State schools chief delivers dire message to local officials
By Caroline An, Staff Writer | Pasadena Star-News
5 Feb 2009 - PASADENA - Saying the public school system is in a "precarious state," California's chief or public education Wednesday urged area school leaders to consider asking property owners for help.
Speaking at a town hall meeting, dubbed "Save Our Schools," in Pasadena, state Superintendent of Public Education Jack O'Connell said parcel taxes, which must be approved by voters, might be the solution to cover local school budget shortfalls.
"More school districts are now looking at parcel taxes. Voters should be given the option of approving parcel taxes to pass to fund schools," O'Connell told about 20 20 local superintendents and school board members who met at McKinley School.
He said he supports legislation to lower the threshold for passing parcel taxes from the current two-thirds majority to 55 percent of voters.
In November, voters in various school districts across the state passed 17 parcel taxes, a sign that residents are committed to preserving their local public school systems, O'Connell said.
San Marino Unified School District is the most-recent district in the San Gabriel Valley seeking a parcel tax. The district plans to put the tax on the May ballot, asking voters to approve a parcel tax of $795 per home to stave off cuts to its academic and enrichment programs.
Alhambra Unified School District Superintendent Donna Perez said her district also faces a budget shortfall of $14.7 million over the next 18 months. She said officials are looking at all avenues to raise funds and save programs, including a parcel tax.
"We are looking for flexibilities. We want to keep class-size reduction because it is a priority for us," Perez said.
O'Connell predicted that, even after the Legislature approves a budget and the governor signs it, "there will be no winners in education."
Gov. Arnold Schwarzenegger proposed budget calls for $11 billion in education cuts, meaning increased class sizes, teacher layoffs and the elimination of intervention programs that have proven successful in helping struggling students, he said.
Los Angeles County Superintendent of Schools Darlene Robles said the county could lose $3.8 billion. She added she's spoken to numerous superintendents, who say there is virtually nothing left cut from their local budgets.
"We are tired of the budget rollercoaster," Robles said.
Several school officials wanted to know whether categorical funding - money targeted for specific programs or student populations - can be used for other purposes, like class-size reduction. The governor's proposal includes some leeway on how that money can be used, O'Connell said.
Some officials say the class-size reduction program should be altered - from 20 students per teacher to 23 per teacher, which would save millions of dollars.

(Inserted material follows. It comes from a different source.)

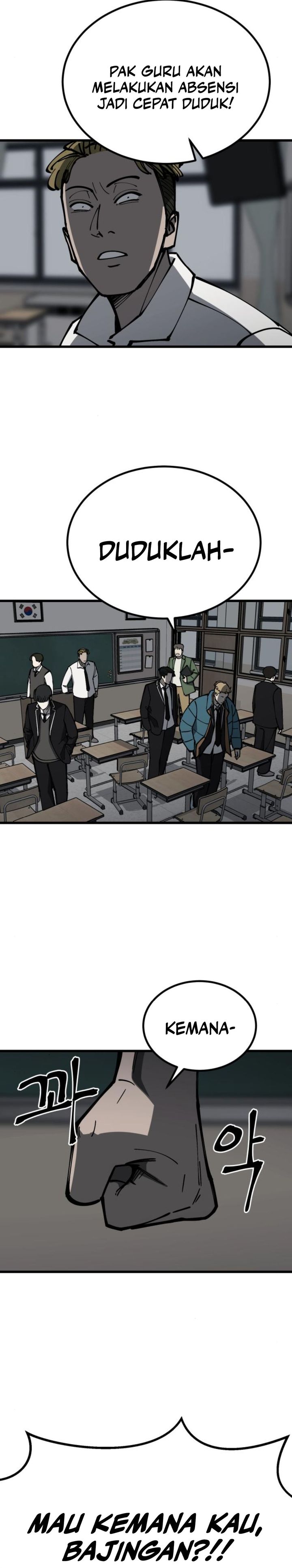 The Returnee chapter 5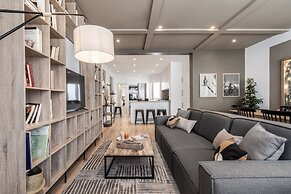 Ordino - 3 Bedrooms in Trafalgar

To help districts save money, O'Connell said his office is suspending non-required compliance visits, in which state officials visit individual school sites to inspect programs, for one year. The visits cost districts money, because officials must prepare for them.
Instead, O'Connell said, schools should focus on students' academic progress.
State schools superintendent rallies school leaders to oppose cuts
Adolfo Guzman-Lopez | KPCC Public Radio 89.3FM
February 04, 2009
During a town hall meeting in Pasadena today, L.A. County school district leaders warned that students would bear the brunt of budget cuts proposed by Sacramento lawmakers. KPCC's Adolfo Guzman-Lopez has the story.
Adolfo Guzman-Lopez: State Schools Superintendent Jack O'Connell told school district superintendents and school board members that planned multi-billion dollar cuts would launch some unwelcome changes.
Superintendent Jack O'Connell: The proposal to reduce the school year, the learning opportunities for our students, by five days, I believe needs to be rejected.
Guzman-Lopez: O'Connell said that students in some industrialized countries are ahead of California students, because their academic year is 40 days longer.
Bob Bruesh, who's on the board of the Garvey School District in Rosemead, said that his students need access to computer technology, and that budget cuts would slow that effort.
Bob Bruesh: We are faced, in the near future, with an extremely large technology gap between rich and poor school districts. We're looking at each of our schools costing us upwards of $800 thousand per school to redo the electricity, just so they can use the technology.
Guzman-Lopez: Maureen Carlson is part of a foundation that raised $9 million this year for Pasadena Unified. She doesn't think there's enough public outcry to convince lawmakers to spare schools from the budget ax.
Maureen Carlson: There's a collection of the population that doesn't see care of the schools as their personal responsibility.
Guzman-Lopez: Carlson and others at the town hall meeting urged lawmakers to lower the percentage of votes required to pass municipal parcel taxes. That would make it easier for cities to raise money for schools, they argued.